Se fut Saxton qui le tira de ses pensées.

— Blay, tu m'écoutes ?

— Mmmmmm, pas vraiment… J'étais ailleurs. Tu disais ?

Saxton sourit.

— Tu reprends tes patrouilles ce soir.

— Oui.

Il allait pouvoir se défouler. Quatre jours sans combattre et il était un peu rouillé. L'imbécile, s'il avait été un peu plus concentré, il aurait vu ce putain de lesser avant. Mais non, son cerveau avait été occupé par Qhuinn qui patrouillait avec Rhage. Se demandant se qu'il faisait. Et paf, le lesser lui était tombé dessus et lui avait tiré une balle dans la cuisse.

— Avec lui ? demanda Saxton.

Il se crispa violemment sur le canapé. Et voilà, encore cette question. Est-ce qu'il allait patrouiller avec Qhuinn ? Mais cette fois, ce n'était pas le cas. Wrath l'avait mit en binôme avec Phury et Zsadist se soir.

— Non, je suis avec Phury et Zsadist.

Un soupir de soulagement s'échappa des lèvres de Saxton. Eh bien oui, il n'aimait pas quand Blay patrouillait avec Qhuinn. Car à chaque fois, il revenait dans un état lamentable et passait ses nerfs sur lui, en le prenant brutalement. Non que cela le gêne, mais il n'avait pas la carrure d'un guerrier. La dernière fois, il avait manqué de lui briser le bassin. Mais là, depuis cette terrible nuit, lors des chaleurs de l'Élue Layla, Blay ne le regardait plus et il était apaisé. Plus calme. Il devrait peut-être sans vouloir s'en réjouir, car il avait le guerrier roux pour lui et uniquement pour lui. Il n'y avait plus le fantôme de Qhuinn entre eux deux.
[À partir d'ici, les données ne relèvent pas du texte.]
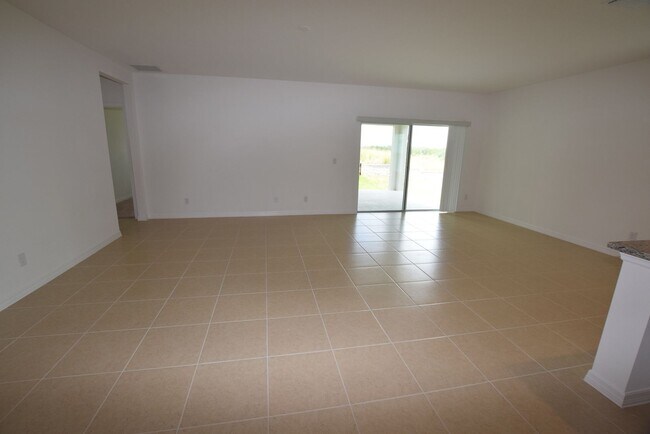 Building Photo - 471 Ironside Trl Dr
— Vous partez à quelle heure ?

Blay le regarda.

— Dans deux heures. Pourquoi ?

— Je crois que je sais comment t'occuper pendant ces deux heures, lui dit Saxton en se penchant sur lui pour l'embrasser.

Blay aurait voulu s'écarter de son amant, car il n'aimait pas trop quand Saxton l'embrassait devant Qhuinn. Mais que pouvait-il y faire ? Saxton était tendre, doux, tout se qu'il aimait, non ? « Non, tu te mens à toi-même », lui dit ça conscience. « Tu aimerais être prit brutalement. Et par une seule personne. Celui que se refuse à toi ». Putain ! Elle avait raison.
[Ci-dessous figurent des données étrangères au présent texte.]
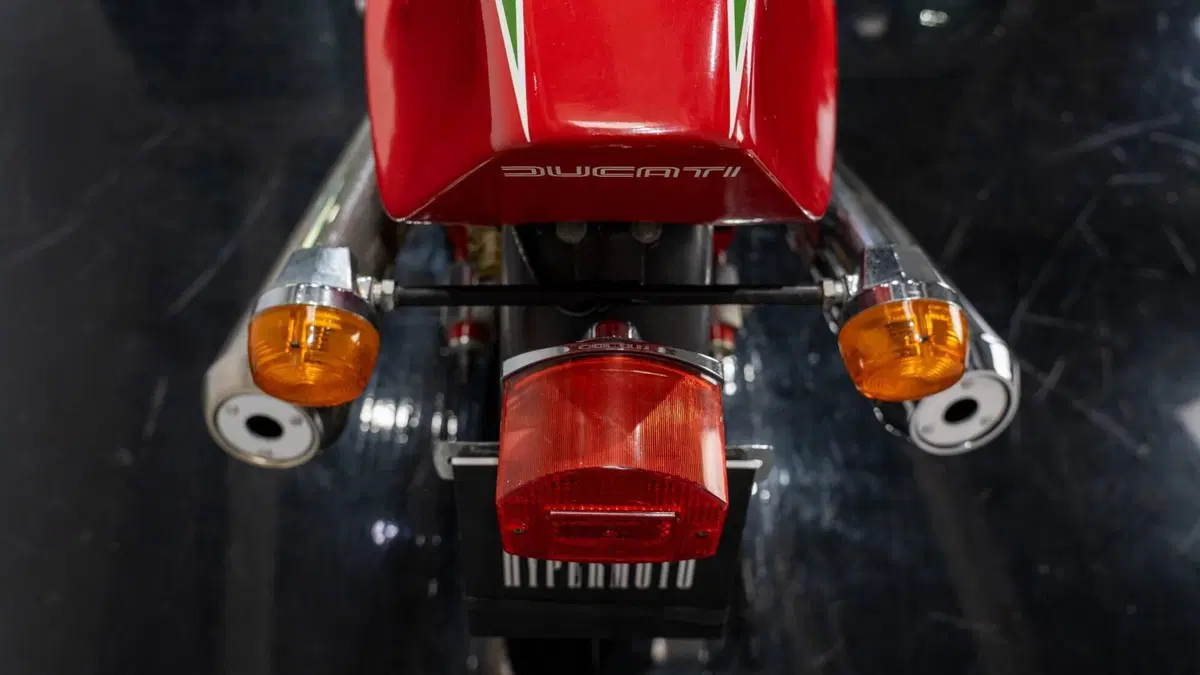 Ducati 900 MHR (Mike Hailwood Replica) (16)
Il s'écarta de Saxton et le regarda pendant un petit moment. Il n'était pas vraiment motivé pour faire quoi que ce soit.

— Désolé, Sax pas ce soir, lui dit-il.

— Comme tu veux, mon bel ange. Tu m'enverras un texto pour me dire quand tu seras de retour. Je t'attendrais dans ta chambre.

— Comme tu veux.

Ils se levèrent tous les deux et lorsqu'ils quittèrent le salon, Blay avait l'impression d'avoir laissé son coeur sur le canapé.